Yes it is an ambitious project, yes it is useful in theory, but I’m interested in its viability as a legitimate tool for the sort of people who would rely on it for research purposes as opposed to the sort of people who find it a fascinating project but in practice it is little more than something to pique their curiosity—a toy.

At the same time maybe it doesn’t have to be either. It could just be a display of the initiative and ingenuity of the person behind it. But little else can be inferred about them I reckon.

celeryd - 16 hours ago

Any way to download them all at once?

kshri24 - 13 hours ago

There is a bug in the time series charts. Data needs to be normalized prior to charting. For example: https://cia-factbook-archive.fly.dev/archive/field/IN/Broadb...

eddythompson80 - 11 hours ago

Cool project. The world population seems to be double counted. I think https://cia-factbook-archive.fly.dev/analysis/trends

nubg - 15 hours ago

Site loads very slowly for me. Tried various devices and networks. Same for a friend of mine overseas.

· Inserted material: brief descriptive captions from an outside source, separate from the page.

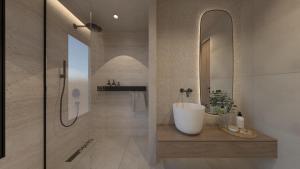 a bathroom with aanding tub and a sink at NAMA Suites in Limín Khersonísou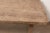 This vintage Chinese writing table is crafted from solid elmwood, dating to the first half of the 20th century. The broad...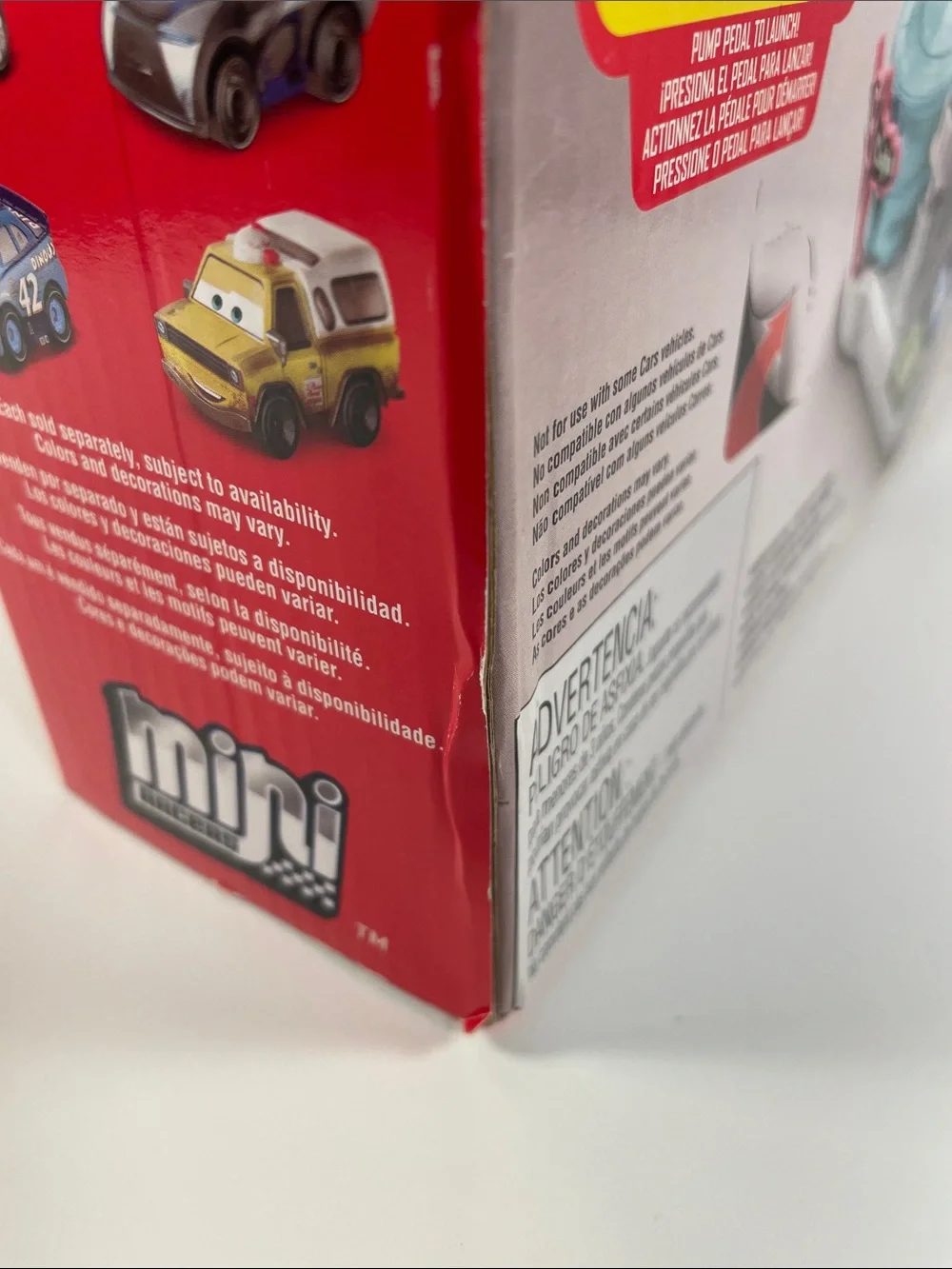 Mini Racers-Cardboard Packaging has dents and a torn spot as shown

ronald_petty - 16 hours ago

I like the timeline feature. Maybe I need to spend more time, but to see political changes / borders / etc. would all be great! Keep up the good work.

Barbing - 7 hours ago

Wonderful project. Thank you for the preservation!

cwnyth - 14 hours ago

Kudos! I was working on doing this as well, so it's nice to see it already done.

daveelkan - 14 hours ago

found a bug: Australia links to American Samoa in 2025 archive.

FergusArgyll - 16 hours ago

Nice!

One thing; you're supposed to write "Cannot confirm or deny my affiliation with the CIA"

- 12 hours ago
[deleted]
RobRivera - 16 hours ago

Hurray!

I didnt discover this until I saw the recent post about its deactivation.

shevy-java - 16 hours ago

Hmm. It's kind of weird, because I think I actually used it in the 1990s, probably shortly before Wikipedia emerged. Ever since Wikipedia, I don't think I used the CIA world Factbook much at all, so in a way I guess this partly explains why the website is now defunct. But I am a tiny bit sad that it is gone, if only for a piece of nostalgia from the 1990s era. I think we need to be careful - yes, wikipedia has that information, but we kind of lose websites here. That is a potential danger, because we end up with more and more of a monopoly which is rarely good (ok, wikipedia may be an exception but it also has intrinsic quality issues; it is still excellent in many ways but not perfect, and we may get tunnel vision the more websites vanish - just look at the AI slop autogenerated "content" or "affiliate" links you see in a google search, if anyone is still using that).

freakynit - 10 hours ago

Excellent site.

One small bug though: https://cia-factbook-archive.fly.dev/analysis/compare?a=IN&b...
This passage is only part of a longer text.